Comme les cognitivistes, les darwiniens justifient leur démarche par un certain échec des sciences humaines face aux exigences scientifiques dans lesquelles elles déclarent s'inscrire : il s'agirait de dépasser les apories d'une analyse littéraire basée sur des modèles linguistique, culturel ou psychanalytique et son incapacité rédhibitoire à devenir un outil de prédiction empirique, malgré les jeux structuralistes avec les cases blanches ou les téléologies littéraires marxistes. L'idée d'une faillite méthodologique des humanités traditionnelles qui refuseraient l'expérimentation conduit Gottschalll à parler de « nouvelles humanités » bénéficiant de l'apport des sciences du vivant pour proposer des analyses empiriques, entraînant au passage de virulentes réactions[39].

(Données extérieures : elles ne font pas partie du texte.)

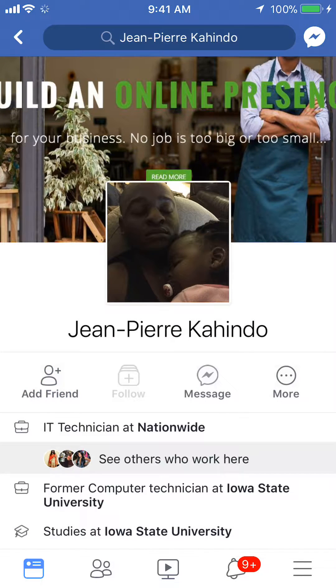And there you go. That's how you cancel a friend request on Facebook. If you have any other questions or comments, please leave them in the comment section below. If you liked the video, give it a thumbs up and definitely subscribe to my channel for more videos like this. Thank you for watching.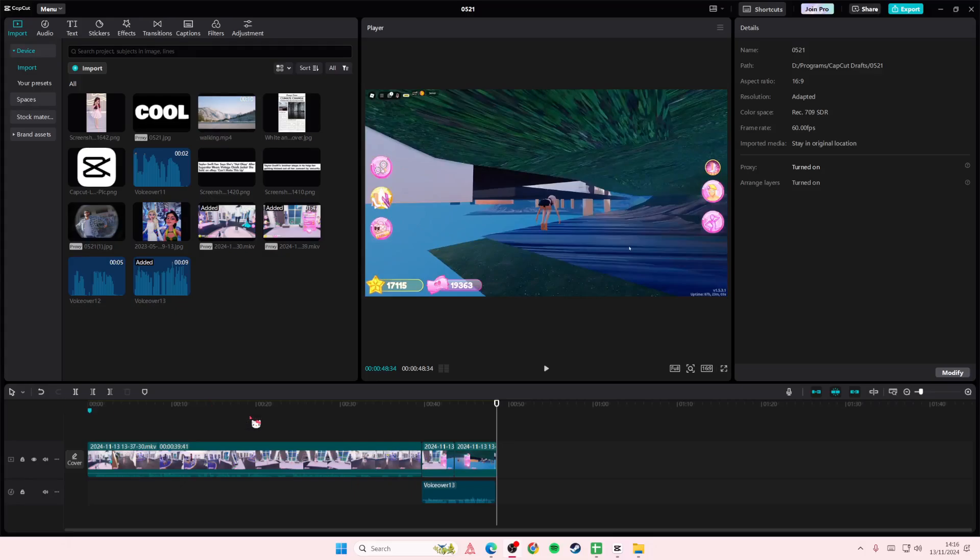Hey guys, welcome back to this channel. In this video, I'll be showing you guys how you can recover deleted projects on CapCut PC.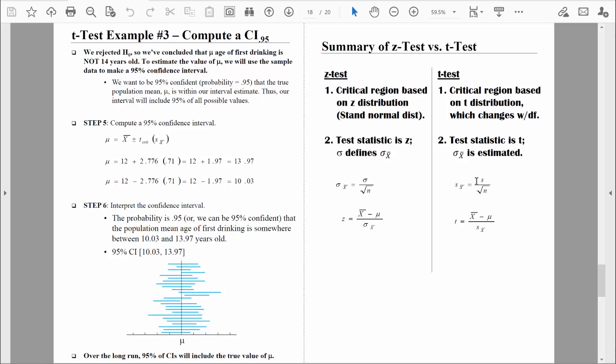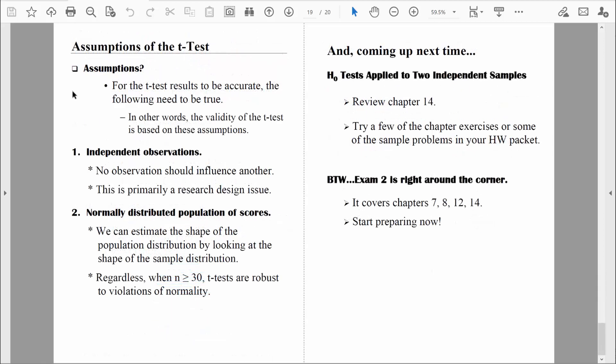There is one other thing I want to discuss. Once we start estimating things like standard error, it sometimes makes things just a little bit more complicated. For the t-test to be accurate — for us to be able to trust the results — there are certain assumptions that need to be met. We're going to learn three different t-tests: the one-sample t-test, an independent samples t-test, and a related samples t-test. All of those t-tests need to have various assumptions in place for us to be able to trust the results.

Humanités numériques et approches inductives


À ce projet scientiste, les recherches évolutionnistes ajoutent une attention empirique aux masses de faits : pour Jonathan Gottschall, la littérature doit être considérée comme un ensemble de données sur l'espèce humaine, des données disponibles en quantité, testables en série, en sorte sorte que l'approche darwinienne « feature literary hypotheses that make testable predictions about empirical reality [40] ». Au saut de l'ordre interprétatif vers l'ordre explicatif, s'ajoute donc un saut du qualitatif vers le quantitatif. Ce projet rejoint les approches fondées sur le big data dans le monde des humanités numériques : la quantité de données empiriquement disponibles est si importante que son examen quantitatif suppléerait toute théorie, en nous proposant de passer de méthode déductive à des méthodes inductives.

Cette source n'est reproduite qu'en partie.